By social affairs correspondent TOM DUSEVIC FOUR in 10 Australian marriages will end within 30 years, according to a new analysis of divorce trends during the past three decades. A study issued yesterday by the Bureau of Statistics found 10 per cent of marriages failed within six years, 20 per cent by 10 years, 30 per cent by 20 years and 40 per cent by 30 years. Eventually, 43 per cent of all marriages fail according to the ABS study titled How many marriages end in divorce? For teenagers who marry, the odds look even more ominous. Seven out of every 10 teenage bridegrooms are divorced within a decade and every second teenage bride is a divorcee before her 10th wedding anniversary. Based on 1994 divorce expectation projections, "virtually all" teenage grooms are likely to be divorced within 20 years, compared with about 70 per cent of teenage brides. Those who remarry, especially people in their 20s, are at high risk of divorcing again. About three out of 10 remarrying twentysomethings are divorced again within a decade. Generally speaking, expected divorce rates tumble as the age at marriage rises. According to separate ABS figures issued yesterday for marriages and divorces in 1994, divorce is on the rise, the rate of people tying the knot is at its lowest point since the Great Depression.
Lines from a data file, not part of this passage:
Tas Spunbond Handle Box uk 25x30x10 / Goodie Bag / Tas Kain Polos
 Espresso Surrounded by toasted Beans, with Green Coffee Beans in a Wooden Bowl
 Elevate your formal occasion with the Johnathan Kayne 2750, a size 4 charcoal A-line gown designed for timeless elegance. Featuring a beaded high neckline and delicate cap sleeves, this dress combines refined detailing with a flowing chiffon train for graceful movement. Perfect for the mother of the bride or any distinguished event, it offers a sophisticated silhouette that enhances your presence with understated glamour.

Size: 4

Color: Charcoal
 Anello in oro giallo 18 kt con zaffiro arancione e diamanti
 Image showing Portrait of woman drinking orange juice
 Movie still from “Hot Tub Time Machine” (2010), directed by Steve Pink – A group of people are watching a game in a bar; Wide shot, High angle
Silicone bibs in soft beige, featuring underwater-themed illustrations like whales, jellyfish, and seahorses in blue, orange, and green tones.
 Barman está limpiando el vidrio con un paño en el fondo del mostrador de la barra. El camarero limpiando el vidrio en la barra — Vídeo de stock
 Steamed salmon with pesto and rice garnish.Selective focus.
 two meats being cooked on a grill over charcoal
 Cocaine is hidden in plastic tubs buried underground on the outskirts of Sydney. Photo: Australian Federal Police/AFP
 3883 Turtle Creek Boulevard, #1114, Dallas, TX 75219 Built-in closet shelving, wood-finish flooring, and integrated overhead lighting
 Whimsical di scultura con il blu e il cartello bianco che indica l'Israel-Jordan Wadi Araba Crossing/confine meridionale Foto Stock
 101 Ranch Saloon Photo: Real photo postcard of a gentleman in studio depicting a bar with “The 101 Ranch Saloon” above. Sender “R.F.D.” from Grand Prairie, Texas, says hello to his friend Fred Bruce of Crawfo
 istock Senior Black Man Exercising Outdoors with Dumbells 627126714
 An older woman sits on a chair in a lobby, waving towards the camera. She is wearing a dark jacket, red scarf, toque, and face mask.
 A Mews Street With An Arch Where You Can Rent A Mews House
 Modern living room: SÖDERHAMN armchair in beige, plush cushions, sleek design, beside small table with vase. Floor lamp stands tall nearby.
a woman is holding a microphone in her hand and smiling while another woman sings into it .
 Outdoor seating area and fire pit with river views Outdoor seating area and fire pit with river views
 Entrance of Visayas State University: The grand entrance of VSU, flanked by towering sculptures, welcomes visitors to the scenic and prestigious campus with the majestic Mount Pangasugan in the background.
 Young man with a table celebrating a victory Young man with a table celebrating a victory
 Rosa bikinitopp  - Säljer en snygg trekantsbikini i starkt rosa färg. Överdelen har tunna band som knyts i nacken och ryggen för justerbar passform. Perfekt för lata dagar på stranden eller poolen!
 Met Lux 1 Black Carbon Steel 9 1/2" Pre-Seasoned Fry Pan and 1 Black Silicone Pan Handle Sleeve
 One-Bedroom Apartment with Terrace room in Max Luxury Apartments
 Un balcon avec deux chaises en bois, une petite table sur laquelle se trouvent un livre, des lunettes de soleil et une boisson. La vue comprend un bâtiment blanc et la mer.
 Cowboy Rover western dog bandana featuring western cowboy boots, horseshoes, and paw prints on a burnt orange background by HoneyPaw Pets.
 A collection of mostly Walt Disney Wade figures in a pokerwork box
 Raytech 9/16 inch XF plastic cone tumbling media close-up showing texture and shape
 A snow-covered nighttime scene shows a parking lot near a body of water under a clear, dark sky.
Last year, marriage breakdown was at its highest level since the introduction of no- fault divorce in the Family Law Act two decades ago. The number of divorces granted last year was up by 12 per cent since 1984. The "crude" marriage rate (marriages per 1000 people) fell to 6.2 in 1994-close to the 1930s all-time low and well down from the Wold War II high of 12-as Australians delayed marriage and opted for de facto relationships. The median age of grooms (29 years) and brides (26.6 years) has jumped by five years during the past two decades and the proportion of people aged over 15 now married has dropped from 66 per cent in 1961 to 57 per cent last year.